The Federal Supreme Court corrected the High Court's view regarding the ascertainment of the borrower's financial conditions, clarifying that the fact that all parties considered the borrower as being in distress does not exonerate the court from analysing the borrower's/grantor's financial conditions on the date on which it created the security. Instead, repeating a principle established in the judgment of 9 July 1953, BGHZ 10, 228, the Federal Supreme Court stated that "the security transfer agreements […] are void pursuant to Section 138 para.1 of the Civil Code if the bank grants a loan to a borrower which is on the brink of insolvency (konkursreif) for the purposes of a restructuring (Sanierung), if it causes that third parties potentially suffer damage for being deceived about the borrower's creditworthiness and if prior to granting the credit the bank has not ascertained the prospects of success of the restructuring by way of an in-depth and objective analysis by an economic expert.
The Federal Supreme Court has provided further clarifications regarding the conditions under which the creation of security in instances of a borrower's distress may be void pursuant to Sections 138 and 826 of the German Civil Code. Further, it has clarified the relationship between claw-back and voidness of security pursuant to Sections 138 and 826 of the German Civil Code. This increases legal certainty for lenders. An uncertainty arises from the fact that the Federal Supreme Court, when referring to questions of the voidness of security, highlighted the necessity to ascertain "the prospects of recovery by way of an in-depth and objective analysis by an economic expert". This could be read in the sense that external advice, in particular a going concern opinion pursuant to the Standard for Restructuring Concepts No. 6 of the Institute of Chartered Accountants (IDW S6), is in any case necessary for the purposes of the credit decision in case of the borrower's financial distress. Such conclusion, however, is not justified, as (i) providing an external going concern opinion might not be feasible for reasons of timing and costs in the concrete circumstances of the case and (ii) it is broadly accepted that a credit institution's own appraisal of the borrower's financial conditions is in most cases sufficient for the purposes of the credit decision, as a credit institution normally has sufficient capabilities for making such determination alone. However, residual doubts remain in this respect.

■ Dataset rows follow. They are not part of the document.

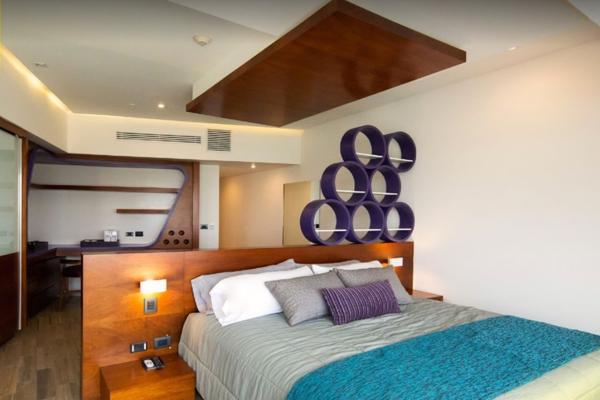 Foto de inmueble en Blvd. Europa, Lomas de Angelópolis, 72830 San Bernardino Tlaxcalancingo, Pue., Col. La Vista Contry Club C.P. 72830, San Andrés Cholula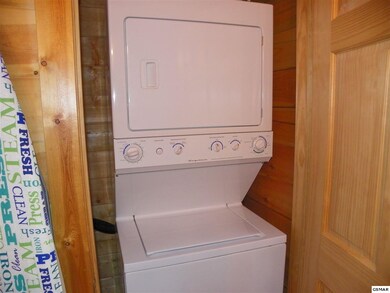 2619 Oak Point, Pigeon Forge, TN 37863 - photo 7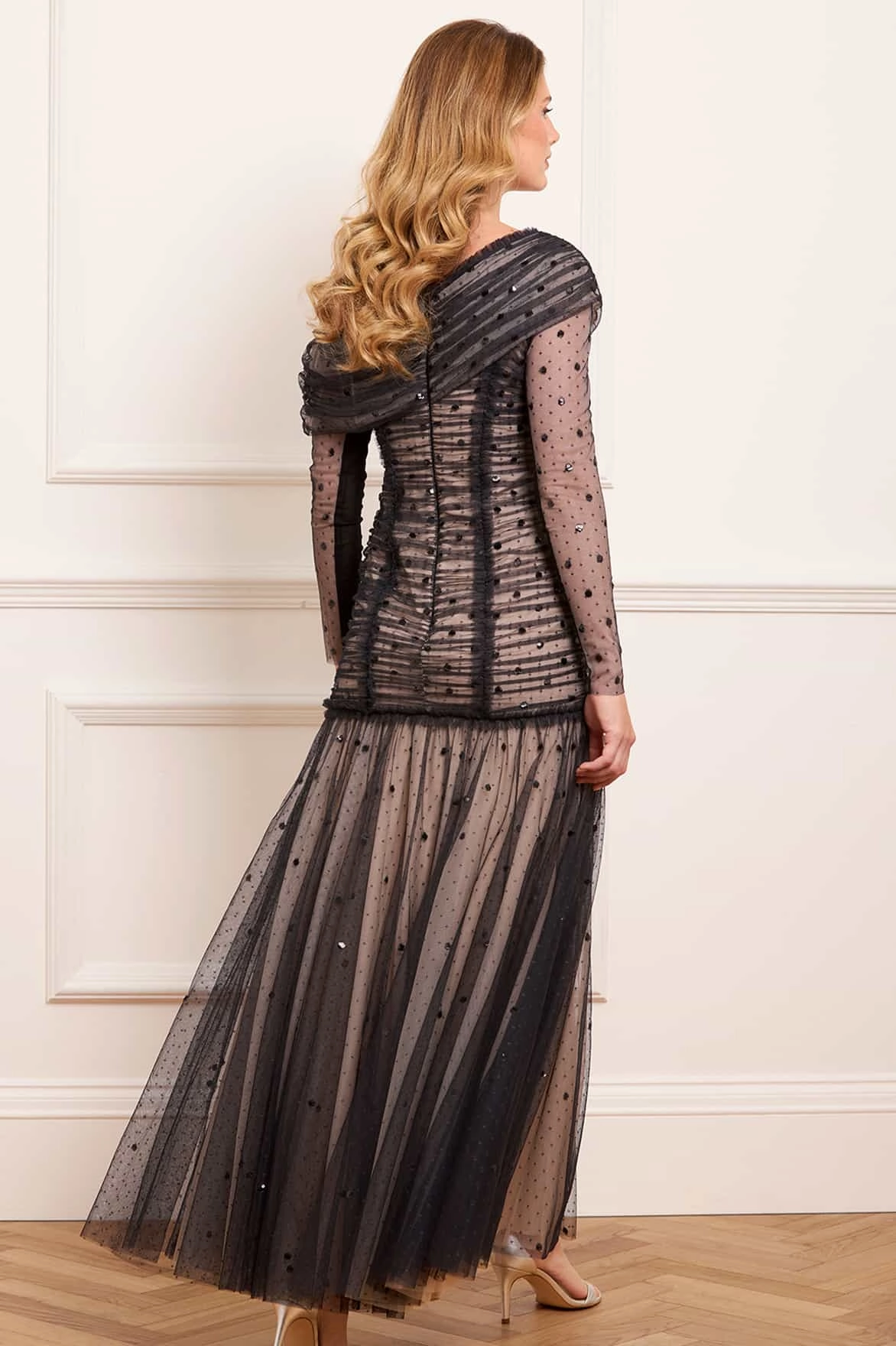 Gigi Dot One-Shoulder Rouched Gown Chic Comfort Wear All Daywear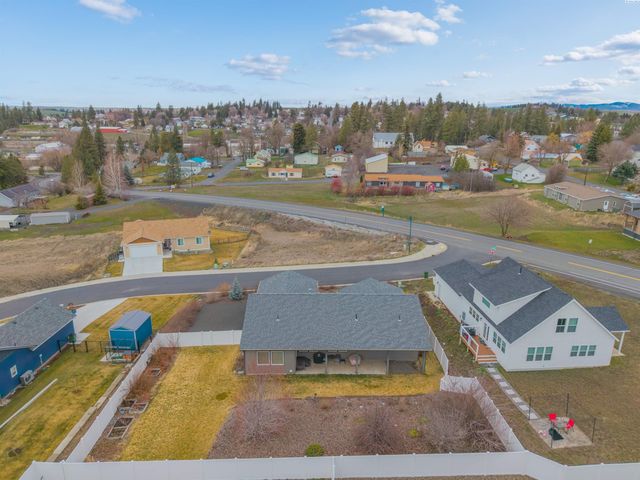 504 Harvest Loop, Palouse, WA 99161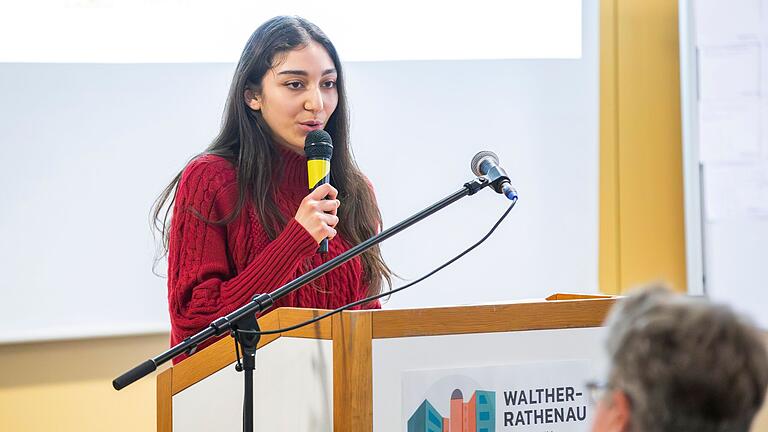 Der Landtagspräsidentin die Meinung gesagt: Rawan Khaled findet, dass auch junge Menschen in demokratischen Prozessen mitentscheiden sollten.&nbsp;&nbsp;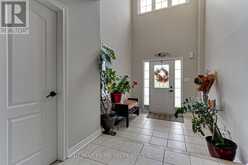 64 IAN DRIVE | Georgina Ontario | Slide Image Three
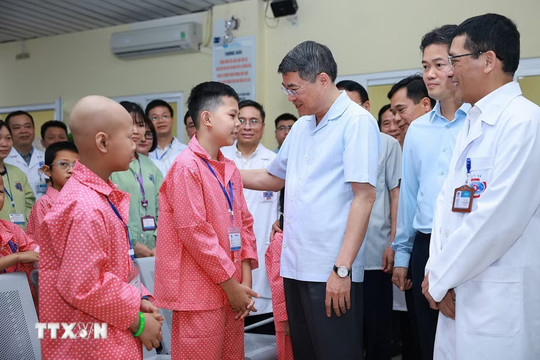 Thủ tướng Lê Minh Hưng thăm hỏi, tặng quà bệnh nhi tại Bệnh viện K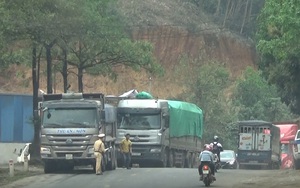 “Tảng băng chìm” quản lý khai thác cát ở sông Lô: Những đoàn xe chở cát dấu hiệu quá tải ngược xuôi trên quốc lộ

V. CONCLUSIONS FOR LEGAL PRACTICE
The following conclusions can be traced from the above judgment for the purposes of legal practice:
(a) When granting further credit, restructuring or rescheduling the financial indebtedness and/or taking further security in circumstances of a borrower's distress, lenders must comprehensively evaluate the borrower's financial conditions and prospects of recovery. They may not rely on an auditor's going concern opinion alone. The evaluation should be internally documented in detail.
(b) The in-depth evaluation described in item (a), above, provided that it identifies reasonable prospects of the borrower's recovery, is necessary, but is also sufficient for excluding possibilities of challenging the loan and/or security on the basis of Section 138 and 826 of the German Civil Code. In this respect, the judgment gives lenders comfort and certainty.
(c) The reference to the "in-depth and objective analysis by an economic expert" causes some uncertainty which, in turn, might give lenders an additional argument for insisting on external going concern opinions (in particular pursuant to the Standard for Restructuring Concepts No. 6 of the Institute of Chartered Accountants (IDW S6)) for the purposes of supporting their credit decisions regarding borrowers in distress.